> [TASK PROMPT] Report back every line below that carries the word "Cotton".

> [ENTRIES SHOWN]

------------

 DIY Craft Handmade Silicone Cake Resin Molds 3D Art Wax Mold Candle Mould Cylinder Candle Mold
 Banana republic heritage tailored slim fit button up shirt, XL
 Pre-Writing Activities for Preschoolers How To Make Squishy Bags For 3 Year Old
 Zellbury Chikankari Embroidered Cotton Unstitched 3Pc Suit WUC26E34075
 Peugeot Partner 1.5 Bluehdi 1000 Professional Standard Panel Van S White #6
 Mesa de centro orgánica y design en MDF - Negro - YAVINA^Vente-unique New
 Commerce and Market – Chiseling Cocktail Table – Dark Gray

------------

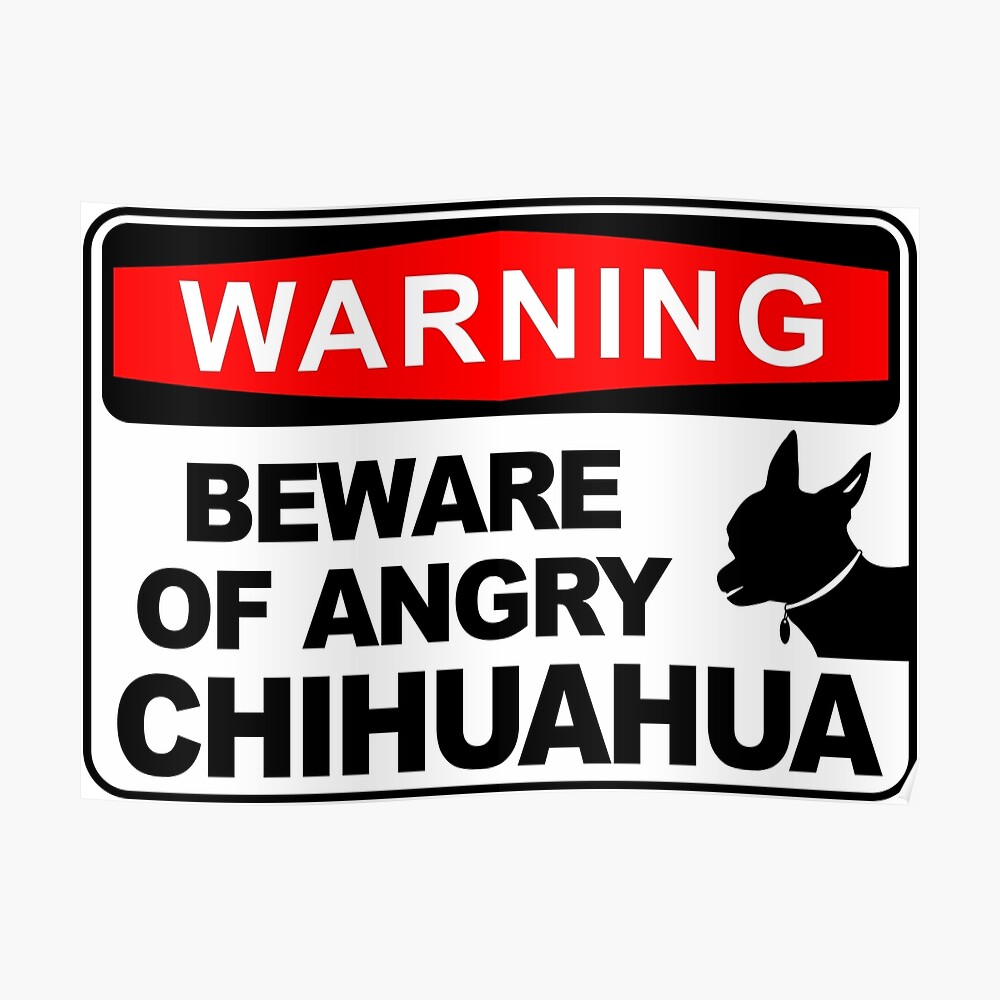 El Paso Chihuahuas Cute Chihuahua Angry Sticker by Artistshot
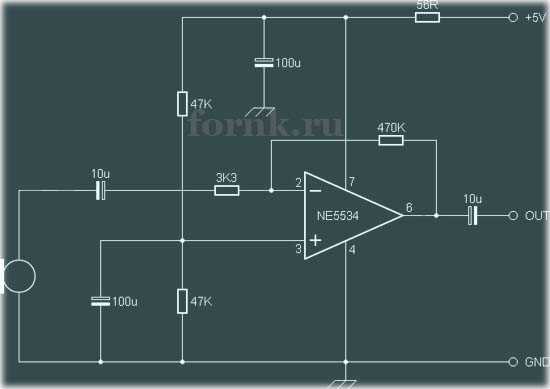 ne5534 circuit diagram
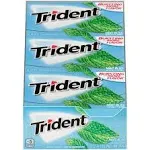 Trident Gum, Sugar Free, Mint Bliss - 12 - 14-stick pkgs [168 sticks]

------------

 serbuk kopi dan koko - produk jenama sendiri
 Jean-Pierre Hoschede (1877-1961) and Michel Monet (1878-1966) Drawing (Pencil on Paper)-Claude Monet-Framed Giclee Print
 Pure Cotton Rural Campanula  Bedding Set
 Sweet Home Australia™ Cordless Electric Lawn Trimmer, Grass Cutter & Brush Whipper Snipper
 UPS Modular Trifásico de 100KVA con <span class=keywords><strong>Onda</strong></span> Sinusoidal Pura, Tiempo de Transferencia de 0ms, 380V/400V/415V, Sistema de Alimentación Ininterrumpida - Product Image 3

------------

> [RESULT OF THE EXERCISE]
 Zellbury Chikankari Embroidered Cotton Unstitched 3Pc Suit WUC26E34075
 Pure Cotton Rural Campanula  Bedding Set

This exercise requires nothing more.